Ormai è noto il fatto che le piccole librerie indipendenti spesso risentono del periodo di crisi economica attuale, durante il quale se qualcosa viene tagliato dal budget familiare spesso si tratta proprio di un libro, o di una serata al cinema o a teatro. In un periodo così difficile per il mondo dell’editoria ci sono ancora sognatori che non rinunciano a promuovere la cultura della lettura, e i lettori apprezzano!
 
Stiamo parlando di due interessanti realtà che da nord a sud dello stivale si sono attivate per creare spazi di condivisione e di valorizzazione per i libri: sono Librerie cooperative nate dalla passione a Napoli di un quartiere intero e a Verona di 250 lettori che volevano avere a due passi da casa la libreria dei loro sogni.
 

 
A Verona Libre! desiderava creare una libreria dove fossero disponibili e fosse possibile prenotare libri di tutti gli editori, in modo particolare quelli indipendenti, anche i più piccoli (ma di grande qualità).
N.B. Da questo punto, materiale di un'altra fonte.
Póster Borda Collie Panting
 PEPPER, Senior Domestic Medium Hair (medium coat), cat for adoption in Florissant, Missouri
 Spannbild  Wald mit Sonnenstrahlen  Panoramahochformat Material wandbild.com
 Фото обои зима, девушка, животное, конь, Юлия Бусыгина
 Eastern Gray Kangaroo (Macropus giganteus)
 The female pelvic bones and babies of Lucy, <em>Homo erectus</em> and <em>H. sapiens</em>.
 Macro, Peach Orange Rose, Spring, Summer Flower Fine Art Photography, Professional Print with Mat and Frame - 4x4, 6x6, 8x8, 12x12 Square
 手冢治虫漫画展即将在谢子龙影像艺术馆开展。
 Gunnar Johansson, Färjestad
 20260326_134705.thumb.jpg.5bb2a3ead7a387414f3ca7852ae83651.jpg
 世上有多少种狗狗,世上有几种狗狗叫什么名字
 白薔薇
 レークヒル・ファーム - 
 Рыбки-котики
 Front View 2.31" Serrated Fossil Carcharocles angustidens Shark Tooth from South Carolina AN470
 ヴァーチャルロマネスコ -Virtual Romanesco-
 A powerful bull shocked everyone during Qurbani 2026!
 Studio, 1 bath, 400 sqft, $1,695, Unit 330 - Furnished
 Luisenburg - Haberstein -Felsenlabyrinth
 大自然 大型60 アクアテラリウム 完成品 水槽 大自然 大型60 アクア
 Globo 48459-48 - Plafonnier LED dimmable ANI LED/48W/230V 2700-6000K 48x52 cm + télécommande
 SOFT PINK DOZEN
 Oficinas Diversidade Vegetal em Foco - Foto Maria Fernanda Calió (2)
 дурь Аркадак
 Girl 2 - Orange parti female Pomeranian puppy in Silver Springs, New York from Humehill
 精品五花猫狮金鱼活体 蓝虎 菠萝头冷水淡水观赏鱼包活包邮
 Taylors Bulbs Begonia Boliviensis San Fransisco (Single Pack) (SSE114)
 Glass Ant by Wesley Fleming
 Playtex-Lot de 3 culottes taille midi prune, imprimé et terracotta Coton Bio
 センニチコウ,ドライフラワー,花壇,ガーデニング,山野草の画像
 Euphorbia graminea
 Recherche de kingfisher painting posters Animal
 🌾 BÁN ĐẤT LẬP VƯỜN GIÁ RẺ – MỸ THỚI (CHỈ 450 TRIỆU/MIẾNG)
Per i soci di Libre! era anche importante dare spazio ai giovani artisti emergenti con mostre a loro dedicate, con una particolare attenzione agli autori a km0. Tutto questo accade all’interno di un quartiere multiculturale e ricco di profumi esotici, Veronetta, ai limiti della zona universitaria; in un prossimo futuro progettano di aprire negli spazi annessi alla libreria anche un bar dove poter bere un caffè o un bicchiere di vino con un libro in mano, anche per riuscire a promuove e comunicare la finanza etica, l’economia solidale e lo sviluppo sostenibile. Dal 21 novembre 2013 questo spazio è realtà. Sognatori, ma concreti!
 
Con una quota irrisoria è possibile sostenere il progetto e divenire parte della cooperativa. Persino uno studente delle superiori può diventare un libraio indipendente.
 

 
A Napoli si parte da un’esclamazione: iocisto. La stessa esclamazione lanciata nella primavera del 2014 da un normale cittadino che si metteva in gioco dopo la chiusura dell’ennesima libreria: perché non aprire una libreria popolare? Iocisto nasce in 64 giorni, e ad oggi, meno di un anno dopo conta circa 14500 like su Facebook, 3000 persone che si sono riversate in Piazza Fuga per assistere all’inaugurazione della libreria (ancora senza libri al momento dell’apertura)  in Via Cimarosa n.20. Oggi i libri ci sono e il nostro consiglio è di andare a scoprire questo tesoro: #lalibreriaditutti.
 
Conoscete anche voi progetti coraggiosi come questo? Raccontateci se nelle vostre città esiste qualcosa di simile, o se siete stati a Verona e a Napoli per conoscere questi sognatori.